Activities

Panel Event

5 November, 2018 11:00 – 12:30

Sarah Cunningham-Burley, Sophie Day

Genomics in the clinic: context, care and communication

NCRI Cancer Conference, Glasgow

The complexity of genomic information presents challenges for health care professionals, patients and their families as they make meaning from risk information and negotiate the future. Improving genetic literacy and the effective communication of information only partially addresses the contextual way in which people make sense of information and its relevance for their lives.

This session will draw together current social research in this area, as genomics enters the clinic, through trials as well as standard of care, in order to understand the ways in which genomic knowledge is taken up in different settings.

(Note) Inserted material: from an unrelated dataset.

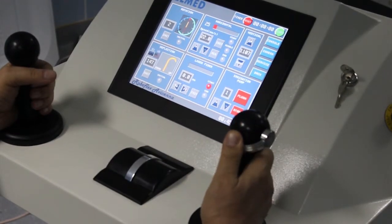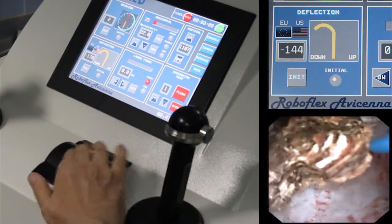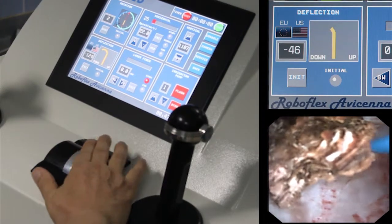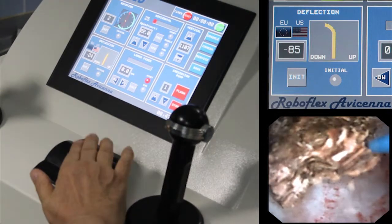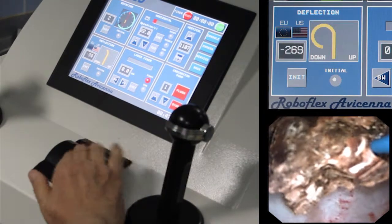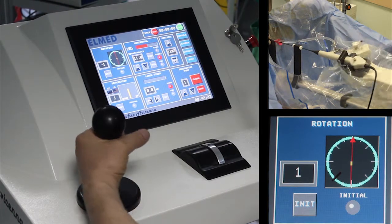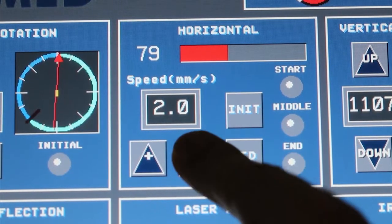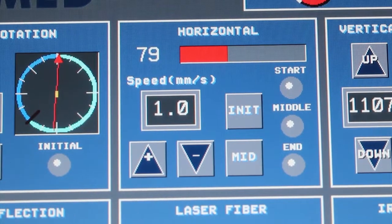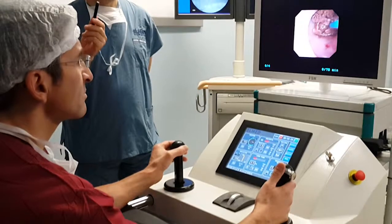Micromotors move the steering lever of the handpiece. For fine adjustments of deflection, a central wheel can be used, especially during precise systematic ablation of the stone. The left joystick allows for rotation of the endoscope, as well as advancing and retracting the scope. The speed of rotation and advancement can be regulated on the screen of the console.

The session will enable attendees to learn: How patients are engaging with genomic information as they confront this during their cancer journey How patients and health care professionals use this information within the range of decisions that are made during care How we can create approaches to communication and genomic literacy that are sensitive to the diverse contexts and needs of patients How social scientific research can enrich understanding of the practice of genomic medicine in relation to cancer.

Sarah Cunningham-Burley

chair

University of Edinburgh, UK

Sophie Day

speaker

Goldsmiths, University of London, UK

People Like You: Genomics in a London breast cancer service.

NHS England’s choice of the term, personalisation, in its 2016 vision for improving outcomes raises critical contextual issues for clinic participants. Are you presenting as an individual patient, a member of a wider category or both at the same time? Singular and plural remain intrinsically connected in medical practice despite widespread reports that genomic personalisation constitutes a newme as opposed to one-size-fits-all we medicine (Donna Dickenson 2016). Drawing on interviews, observation and a range of meetings from 2013-14 in a breast cancer service, I suggest that applications of genomics conform to longstanding practices of sorting ambiguities and uncertainties of address to a you that is both singular and plural. Even so, calibration between different aspects of your situation with breast cancer may be especially provisional given the speed of change in cancer, knowledge, techniques and therapies. Me medicine, using precise techniques of genomic individuation (n of 1), will appear with therapeutic failure in these clinics since, by definition, there are no evidence-based treatment options (that is, no We). Paradoxically, participants may also welcome such situations if they then direct clinical attention to a broader range of needs and preferences, that is, to a personalised care.